I'm referring to the agitated and anxious child I'd been leaving at daycare. Gone. And Little Dog has returned. Thank heavens. It happened overnight more or less. We spoke with the psychologist and within days he was not in tears at drop off. Little Dog, not the psychologist. I don't think he was ever in tears, but I know little of his personal life outside our appointment. Anyhow I started getting notes from his teacher that he'd had a good day. When I'd pick him up, he lallygagged and stalled leaving. And I started breathing normally again. I didn't want to write too much about it at first, just in case it was a good few days that would disappear leaving Little Dog quivering at preschool again. But enough time has passed that I think we're in the clear.

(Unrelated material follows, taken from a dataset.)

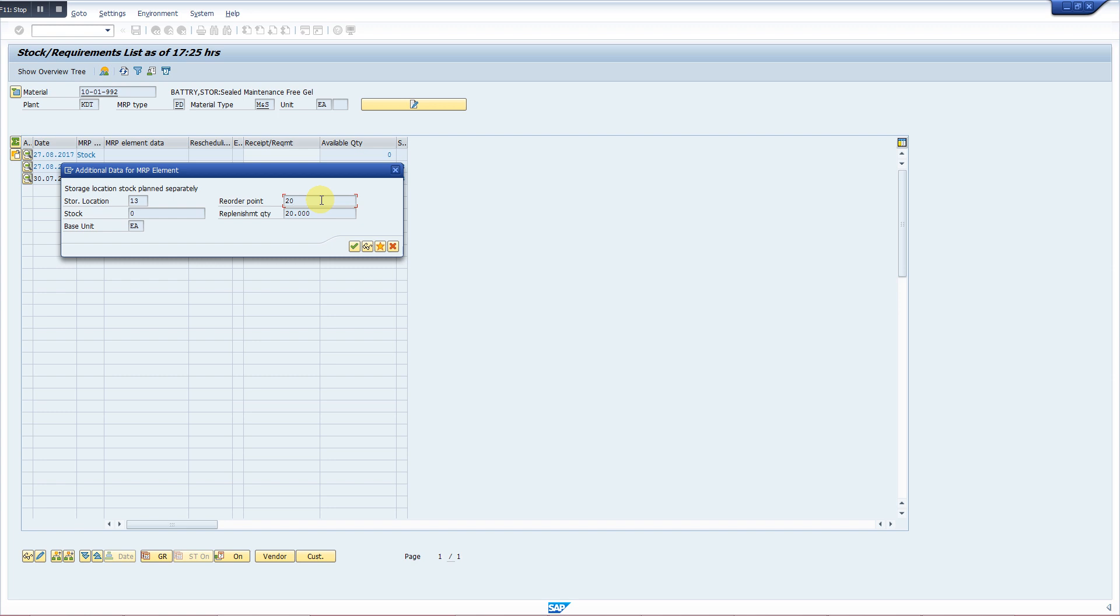When your quantity falls one below the reorder level, its PR is automatically generated according to the quantity defined in reorder quantity, replenishment quantity. So this is how the system works automatically for the PD items, not for the ND items. ND items are procured on one-time basis after getting management approval.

Don't get me wrong, he's not in love with school like his big brother. He still asks every morning "Is this a school day?" and lets out a big wail if it is, but he recovers quickly and that's the last he mentions it for the morning. He's also quit complaining about Donna. I don't know what's up with that, but I'm happy not to be subjected with his tales of how much he dislikes old people, especially around my birthday.

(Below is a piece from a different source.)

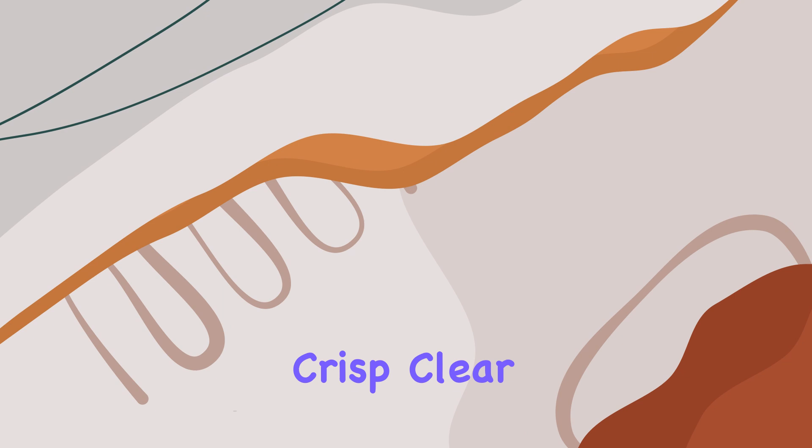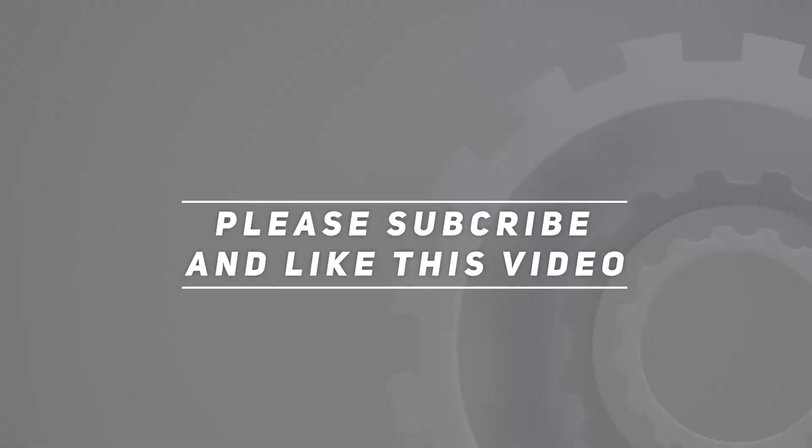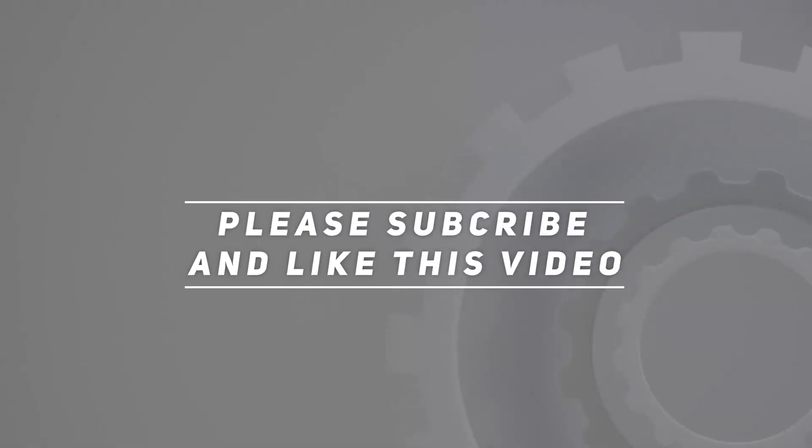Check out the video description for updated price, and thank you for watching this video.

One of the little changes we made, one of the suggestions from the psychologist, was to establish a routine when we dropped him off school. Instead of the usual hug and kiss kind of goodbye, we now do an elaborate, or it maybe more accurate to say an elaborately silly send off. We still do the normal hug and kiss, I say goodbye and I say, "Have a great day!" But now, Little Dog asks, "Do you need a push?" I say I do, I explain that I need a big push to rocket me off to work and stick out my hip in a ridiculously goofy way, ok, I kind of stick out my butt, truth be told. Then the big boy with a big smile on his face, ready for his day at school gives me a monumental shove and I propel off, pretending to flail wildy, ricocheting off any convenient surface and find my way to the door. He settles in, I get in the car and we both are off to the beginning of a good day. Is this key the to our change of tone? Maybe. I may feel a little foolish as I flail my way out the door, but man does it ever feel better than reaching my car with the tears of Little Dog still echoing in my ears.